Ließen unsere Theorien die Existenz mehrerer Universen nicht so plausibel erscheinen, würden wir Physiker diese Idee wohl nicht so laut verkünden. Wissen wir, ob es tatsächlich mehrere Universen gibt? - Nein. Wissen Sie, ob es mehrere Universen gibt? - Nein! Also wie können Sie so sicher sein, diese Möglichkeit hätte bestimmt nichts mit der Realität zu tun?
Sie könnten natürlich Recht behalten, sollte eines Tages ein Experiment diese Theorie widerlegen. Doch bis dahin sollte sich niemand anmaßen, etablierte physikalische Theorien und Konzepte aufgrund persönlicher Vorlieben als unrealistisch, falsch oder nicht erforschenswert zu bezeichnen. Bei allem Respekt, das sollten auch Sie nicht, Herr Taschner!
Es ist mir völlig unverständlich, wie Sie modernen physikalischen Experimenten (wie eben z. B. jenen am CERN) den Realitätsbezug absprechen können. Was sind solche Experimente, wenn nicht die Konfrontation der Theorie mit der Wirklichkeit? Was sind sie, wenn nicht der ultimative “Realitäts-Check” für wilde und spekulative Ideen? Die Behauptung, wir sollten uns mit den bekannten fünf Prozent unseres Universums zufrieden geben und alles andere sei “abstract nonsense”, grenzt an Arroganz.

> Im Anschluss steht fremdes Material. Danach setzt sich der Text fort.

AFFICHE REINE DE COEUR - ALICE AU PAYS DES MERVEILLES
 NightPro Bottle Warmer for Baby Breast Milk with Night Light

Gegen Ende Ihres Beitrages schreiben Sie, dass es “Physik mit Hand und Fuß, die sich mit Phänomenen auseinandersetzt, die uns wirklich betreffen, die den Ingenieuren dienlich ist”, sein soll, die finanzielle Förderung erhält. Was Sie hier in schönen Worten sagen, ist, dass wir aufhören, in Grundlagenforschung zu investieren, und die finanziellen Mittel stattdessen in angewandte, zweckorientierte Forschung stecken sollten. Während letztgenannte Art der Forschung an sich natürlich überhaupt nichts Schlechtes ist, ist Ihre Position zu diesem Thema dennoch eine höchst besorgniserregende!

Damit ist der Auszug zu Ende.